How one organization is using the law to improve maternal and child health in Uganda
Posted by Niki Wilson on December 18, 2015
Having successfully delivered her baby at a public health facility in Mityana, a city just west of Uganda’s capital, Kampala, in 2009, Sylvia Nalubowa was surprised to learn that her labour wasn’t over — she was having twins. But there was a problem. Try as Nalubowa might, her second child was stubbornly resisting entry into the world.
She was referred to a district hospital in another part of the city, where more experienced staff could help her. Her mother-in-law paid a Good Samaritan fuel costs to drive Nalubowa there, as Nalubowa had no access to an ambulance. But when she arrived she was refused care. The reason? She wasn’t able to provide a “Mama Kit,” which contains items such as rubber gloves, plastic sheets, cotton wool, soap, cord ties, antibiotic drops for the baby’s eyes and surgical blades.
All women in Uganda who are about to give birth in a government health facility like the hospital in Mityana are required to produce a Mama Kit to ensure sterile conditions, but Nalubowa had already used hers at the birth of her first child earlier that day. The kits are distributed by the National Medical Stores, a government corporation, and are meant to be free of charge, but hospital attendants demanded Nalubowa pay for a second kit, a cost she could not afford. Despite eventually negotiating to pay for the kit after the delivery by selling some of her domestic animals, Nalubowa and her unborn child died hours later from blood loss.
Nalubowa’s story is tragically all-too familiar in a country that has had systemic problems when it comes to maternal health, says Moses Mulumba, a lawyer and the executive director of the Centre for Health, Human Rights and Development, a Kampala-based organization that works to ensure law and public policy are used to promote and protect health and human rights in East Africa.
“Every day you would read in the newspaper that a woman has died,” he says.

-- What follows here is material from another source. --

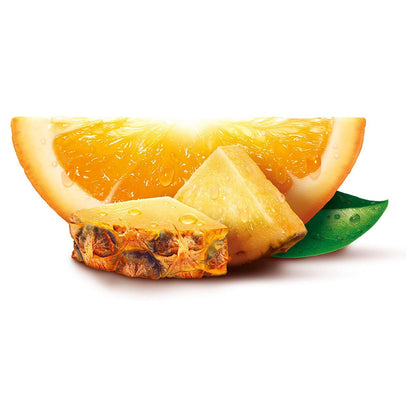 Sliced pineapple with a green leaf on a white background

Often the death is as a result of a doctor or other health-care provider not being available. The World Health Organization and UNICEF report that 360 women die per 100,000 live births in Uganda, with about 5,900 women dying from maternal health issues every year.
Mama Kits have been transformative in helping lower the risk of death and infection during birth. But there are still places where kits aren’t available to, or affordable for, women living in poverty. Even if a woman in labour takes a kit to the hospital, there is no guarantee she will get help from a doctor or health-care worker, the most corrupt of whom try to turn crisis into profit. In addition, if the health-care facility has been unable to pay utility bills, there may be no running water and electricity when the expectant mother arrives.
It’s better than it once was, says Dr. Olive Sentumbwe of the WHO, who works with Mulumba on maternal health issues. There is good quality health care available in many regions for a small fee, she says, “But depending on the wealth of the house, women are exposed to different conditions.” With 1.4 million mothers-to-be in the country annually, she says health supplies and providers often fall short.
With the help of funding from Canada’s International Development Research Centre, Mulumba’s organization is working to change this. In 2011, the organization filed a lawsuit against the government of Uganda with the family of Nalubowa and Jennifer Anguko, a woman who died from blood loss in 2010 after enduring obstructed labour for more than eight hours without the aid of a health-care professional. In 2012, a lower court refused to hear the case — a decision the country’s Supreme Court overruled last October, ordering the lower court to determine whether the government has taken all practical measures to ensure basic maternal health services are provided.
Regardless of the outcome, says Mulumba, the lawsuit is already making a difference. The highly publicized case has sparked an important discussion among Ugandans, brought international scrutiny to the issue and garnered the attention of the country’s Parliament, which in December 2011 passed a resolution directing the government to develop laws that adequately deal with issues around maternal and newborn health. The case has spurred multiple changes, says Mulumba, “Not just within the government, but also within our own thinking on how the government can be engaged.”